Genetic mechanisms giving rise to the development of cutaneous squamous cell carcinoma (cSCC) are poorly understood and development of genomic high resolution techniques has led to a better knowledge of the genetic basis of several human cancers. In this study, 16 cSCC were analyzed using array comparative genomic hybridization (arrayCGH). The most common aberrations found were gains of 3q11q13, 1q21.3q25, 13q34, and 19p13, and losses of 1p36p31, 3p24p21, 10p15q22, and 13q11q21. We detected gains (3/16) and amplification (1/16) of the 1q21.1q21.3 region. A potential candidate gene in this region, CKS1B (1q21.2), was selected for validation in an independent cohort and correlations with clinicopathological features were carried out. CKS1B gene and protein status were analyzed using fluorescence in situ hybridization (FISH) and immunohistochemistry (IHC) in a series of 53 cSCC, 22 actinic keratoses (AK), and 10 normal skin samples. cSCC presented a higher frequency of chromosome 1 polysomy than AK (70% vs. 46%, P = 0.047).

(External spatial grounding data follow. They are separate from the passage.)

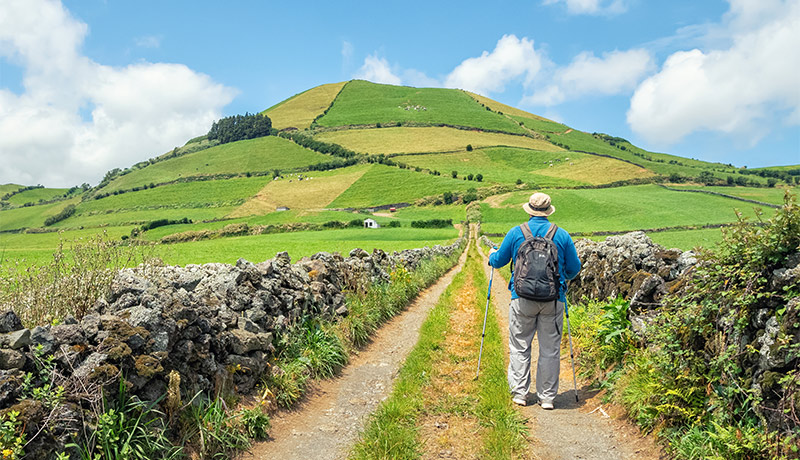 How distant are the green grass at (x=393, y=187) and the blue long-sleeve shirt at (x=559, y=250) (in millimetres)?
88536

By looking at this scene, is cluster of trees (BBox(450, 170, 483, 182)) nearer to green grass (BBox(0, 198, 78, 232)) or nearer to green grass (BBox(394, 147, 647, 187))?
green grass (BBox(394, 147, 647, 187))

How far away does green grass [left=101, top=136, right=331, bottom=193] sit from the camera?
411ft

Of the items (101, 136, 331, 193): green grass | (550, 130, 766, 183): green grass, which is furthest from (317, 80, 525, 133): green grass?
(101, 136, 331, 193): green grass

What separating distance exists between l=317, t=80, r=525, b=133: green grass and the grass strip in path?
154111 mm

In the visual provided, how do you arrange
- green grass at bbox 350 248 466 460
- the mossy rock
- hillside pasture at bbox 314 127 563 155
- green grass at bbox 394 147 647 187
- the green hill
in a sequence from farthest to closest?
hillside pasture at bbox 314 127 563 155
green grass at bbox 394 147 647 187
the green hill
green grass at bbox 350 248 466 460
the mossy rock

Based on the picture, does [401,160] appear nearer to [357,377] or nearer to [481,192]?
[481,192]

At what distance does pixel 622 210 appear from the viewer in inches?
2916

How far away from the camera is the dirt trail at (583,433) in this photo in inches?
195

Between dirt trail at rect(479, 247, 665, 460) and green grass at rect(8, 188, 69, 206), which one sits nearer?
dirt trail at rect(479, 247, 665, 460)

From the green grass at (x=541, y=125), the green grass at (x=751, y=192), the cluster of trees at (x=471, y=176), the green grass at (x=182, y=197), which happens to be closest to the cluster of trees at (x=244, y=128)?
the green grass at (x=182, y=197)

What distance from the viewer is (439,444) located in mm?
5297

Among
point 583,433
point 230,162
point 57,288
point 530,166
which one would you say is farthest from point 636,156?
point 57,288

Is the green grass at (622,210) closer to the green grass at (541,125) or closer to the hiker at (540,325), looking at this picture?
the hiker at (540,325)

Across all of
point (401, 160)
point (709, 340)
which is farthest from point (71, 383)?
point (401, 160) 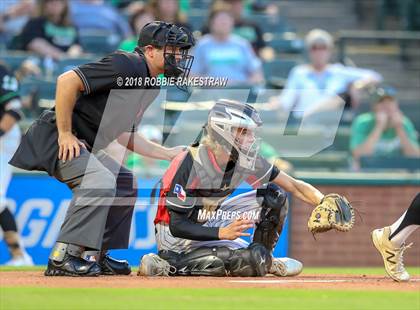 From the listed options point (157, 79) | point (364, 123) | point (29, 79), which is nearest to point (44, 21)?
point (29, 79)

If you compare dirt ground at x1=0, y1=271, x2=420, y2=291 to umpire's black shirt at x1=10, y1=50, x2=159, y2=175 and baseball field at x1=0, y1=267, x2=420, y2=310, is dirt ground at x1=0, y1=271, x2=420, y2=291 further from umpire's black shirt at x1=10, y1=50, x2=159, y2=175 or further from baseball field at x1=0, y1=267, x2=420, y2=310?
umpire's black shirt at x1=10, y1=50, x2=159, y2=175

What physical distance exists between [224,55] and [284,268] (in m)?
6.05

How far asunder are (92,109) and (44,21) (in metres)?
6.51

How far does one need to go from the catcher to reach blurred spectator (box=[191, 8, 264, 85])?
224 inches

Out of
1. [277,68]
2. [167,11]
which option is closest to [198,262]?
[167,11]

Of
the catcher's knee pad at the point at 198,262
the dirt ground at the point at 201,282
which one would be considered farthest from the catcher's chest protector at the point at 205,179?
the dirt ground at the point at 201,282

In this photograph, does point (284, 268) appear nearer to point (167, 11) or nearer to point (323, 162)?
point (323, 162)

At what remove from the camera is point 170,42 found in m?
7.64

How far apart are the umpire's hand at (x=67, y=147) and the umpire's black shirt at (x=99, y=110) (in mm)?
140


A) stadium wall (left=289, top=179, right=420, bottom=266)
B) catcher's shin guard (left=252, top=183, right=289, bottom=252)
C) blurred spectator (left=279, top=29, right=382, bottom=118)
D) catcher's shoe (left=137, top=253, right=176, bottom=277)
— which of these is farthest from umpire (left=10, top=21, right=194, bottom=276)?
blurred spectator (left=279, top=29, right=382, bottom=118)

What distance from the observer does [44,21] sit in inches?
543

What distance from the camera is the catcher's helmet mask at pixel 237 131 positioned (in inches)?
303

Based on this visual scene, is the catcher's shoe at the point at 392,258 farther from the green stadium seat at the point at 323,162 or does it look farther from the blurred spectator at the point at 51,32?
the blurred spectator at the point at 51,32

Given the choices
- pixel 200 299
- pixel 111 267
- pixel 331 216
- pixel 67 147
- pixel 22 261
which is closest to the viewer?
pixel 200 299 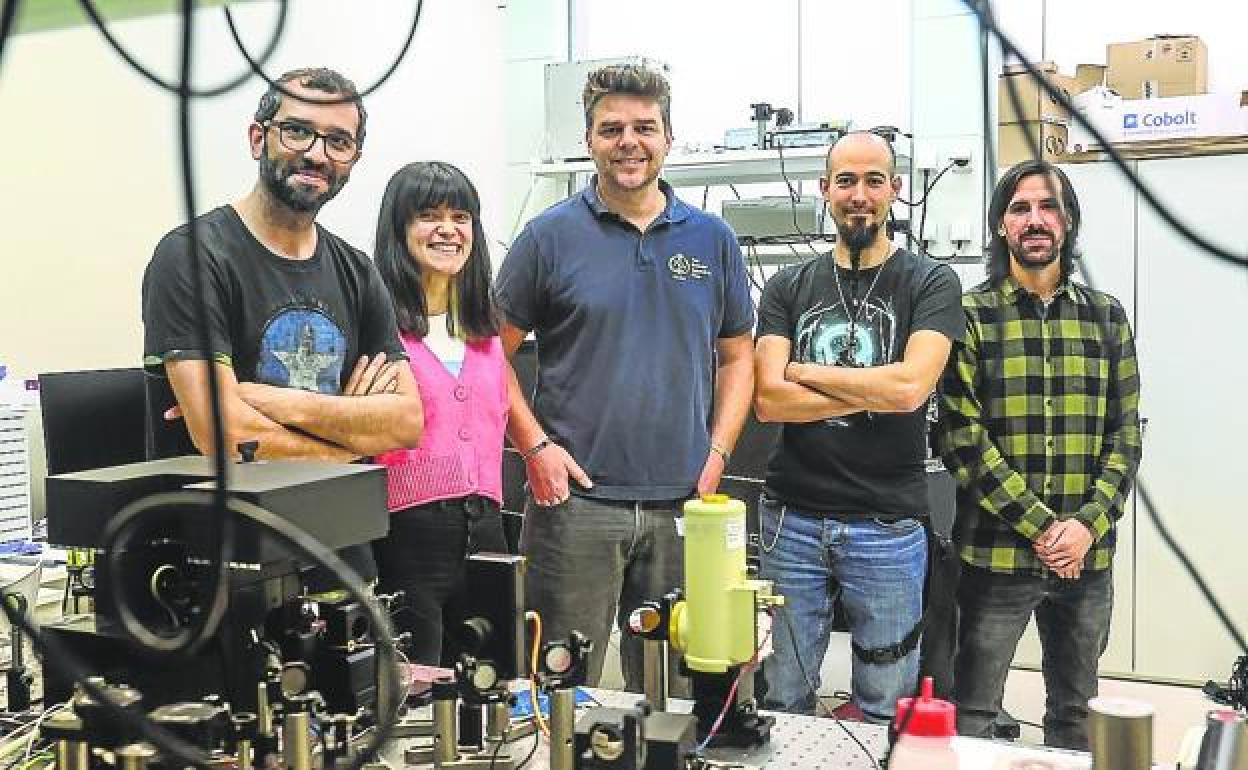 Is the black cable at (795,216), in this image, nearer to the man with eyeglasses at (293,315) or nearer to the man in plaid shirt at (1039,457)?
the man in plaid shirt at (1039,457)

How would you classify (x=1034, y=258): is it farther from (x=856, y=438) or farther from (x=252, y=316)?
(x=252, y=316)

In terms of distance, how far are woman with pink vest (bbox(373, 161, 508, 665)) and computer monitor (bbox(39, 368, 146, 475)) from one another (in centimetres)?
70

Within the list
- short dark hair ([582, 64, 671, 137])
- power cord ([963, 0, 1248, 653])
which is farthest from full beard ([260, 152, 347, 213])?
power cord ([963, 0, 1248, 653])

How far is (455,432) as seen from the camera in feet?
6.93

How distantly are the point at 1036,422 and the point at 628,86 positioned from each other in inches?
42.1

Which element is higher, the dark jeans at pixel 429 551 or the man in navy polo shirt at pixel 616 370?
the man in navy polo shirt at pixel 616 370

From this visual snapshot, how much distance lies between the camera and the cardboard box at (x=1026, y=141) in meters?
0.67

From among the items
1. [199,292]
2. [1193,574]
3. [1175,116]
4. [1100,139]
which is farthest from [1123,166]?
[1175,116]

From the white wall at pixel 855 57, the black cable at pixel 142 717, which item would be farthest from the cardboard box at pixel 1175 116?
the black cable at pixel 142 717

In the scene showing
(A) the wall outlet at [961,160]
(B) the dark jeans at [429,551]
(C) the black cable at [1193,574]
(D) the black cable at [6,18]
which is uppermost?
(A) the wall outlet at [961,160]

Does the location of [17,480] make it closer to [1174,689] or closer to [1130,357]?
[1130,357]

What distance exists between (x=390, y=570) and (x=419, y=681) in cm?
63

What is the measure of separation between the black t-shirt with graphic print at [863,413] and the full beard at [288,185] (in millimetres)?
991

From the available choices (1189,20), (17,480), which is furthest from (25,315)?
(1189,20)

Association between CKS1B protein overexpression and both polysomy and amplification was demonstrated in cSCC (P < 0.001). Regarding amplifications, 11 cSCC patients (21%) presented CKS1B gene amplification. Interestingly, 8/11 (73%) patients who showed a CKS1B amplification had presented metastatic spread (mcSCC). Differences between the presence of CKS1B amplification and the presence or absence of mcSCC were observed (mcSCC [8/14] vs. cSCC [3/39]) (P < 0.001). Several drugs targeting CKS1B have been reported and may be useful for treating patients with cSCC and CKS1B amplifications.